What to do: Please return all records verbatim, no pictures.

Dataset:
______

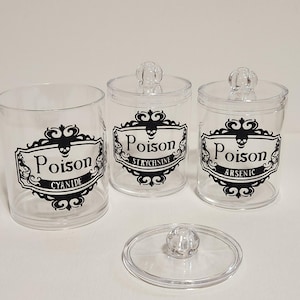 May include: Three clear apothecary jars with lids, labeled "Poison" in black script with skull and crossbones emblems. The jars are labeled "Cyanide", "Strychnine", and "Arsenic". One lid is off, revealing the contents.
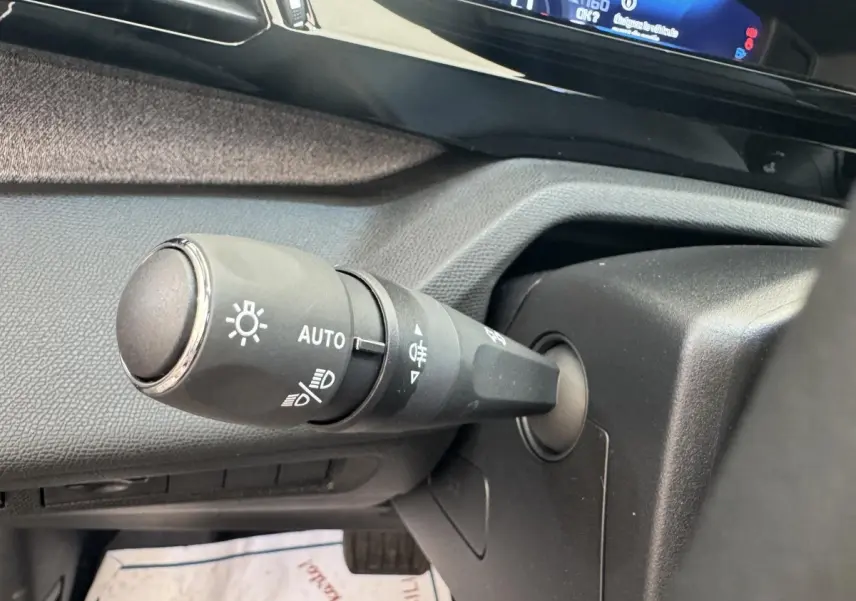 Gros plan sur la commande des phares avec réglage automatique dans l’habitacle gris d’une Peugeot 308 2026.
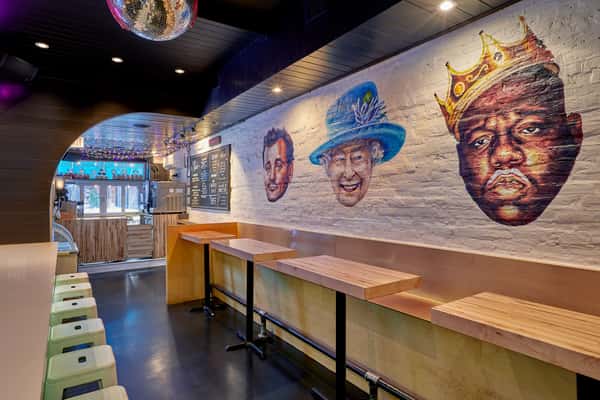 Faces on the wall of JoJo's shakeBAR of Bill Murray, Queen Elizabeth, and Biggie Smalls with milk mustaches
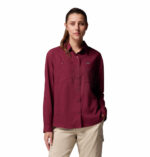 a women wearing a red silver ridge utility long sleeve shirt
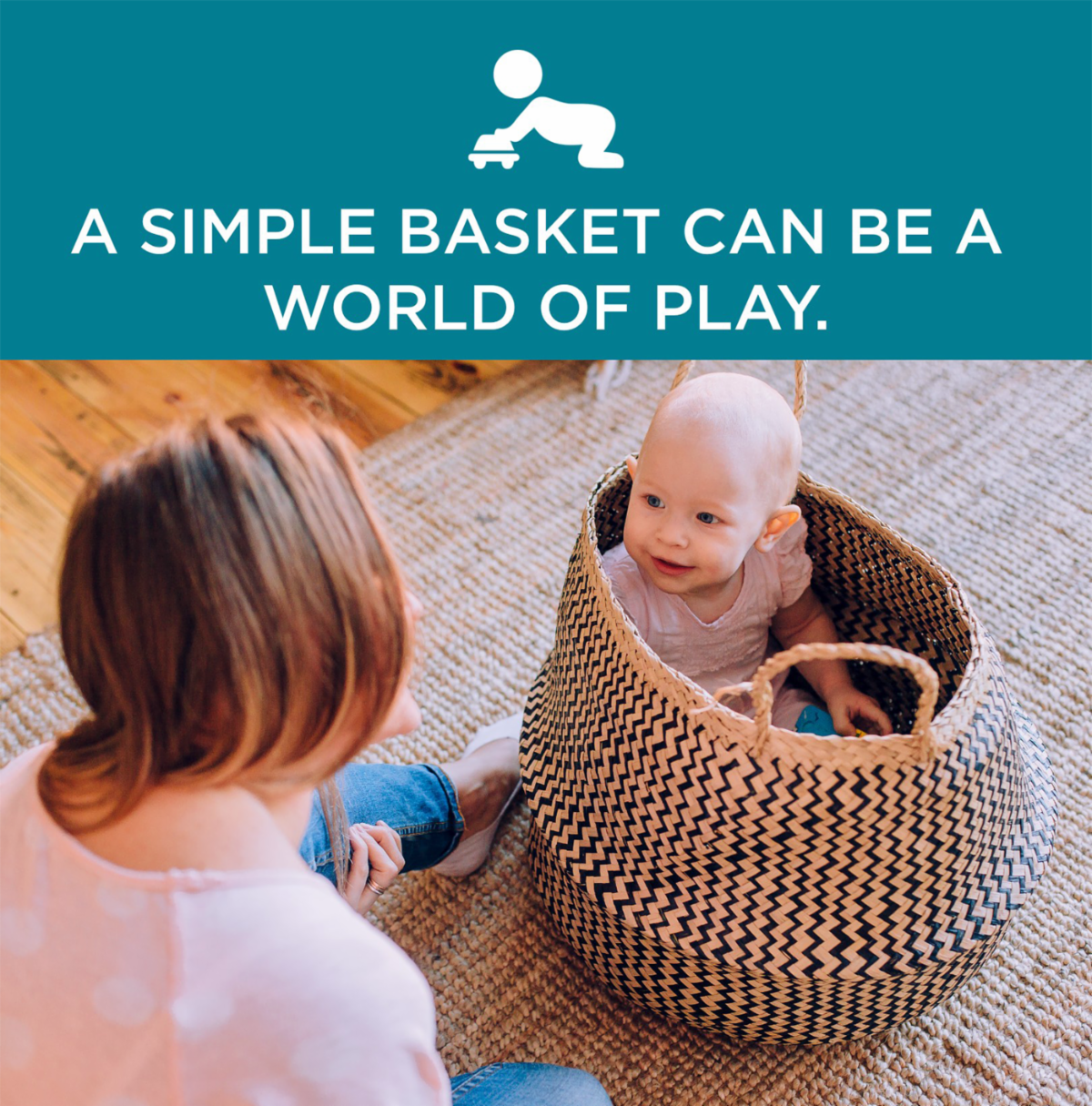 A mother playing with her baby in a basket
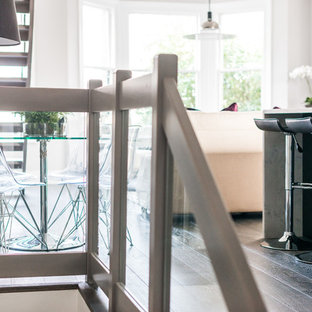Mid-sized contemporary single-wall open plan kitchen in London with an integrated sink, flat-panel cabinets, black cabinets, marble benchtops, white splashback, stone slab splashback, stainless steel appliances, dark hardwood floors and with island.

______

Exercise solution:
 May include: Three clear apothecary jars with lids, labeled "Poison" in black script with skull and crossbones emblems. The jars are labeled "Cyanide", "Strychnine", and "Arsenic". One lid is off, revealing the contents.
 Gros plan sur la commande des phares avec réglage automatique dans l’habitacle gris d’une Peugeot 308 2026.
 Faces on the wall of JoJo's shakeBAR of Bill Murray, Queen Elizabeth, and Biggie Smalls with milk mustaches
 a women wearing a red silver ridge utility long sleeve shirt
 A mother playing with her baby in a basket
Mid-sized contemporary single-wall open plan kitchen in London with an integrated sink, flat-panel cabinets, black cabinets, marble benchtops, white splashback, stone slab splashback, stainless steel appliances, dark hardwood floors and with island.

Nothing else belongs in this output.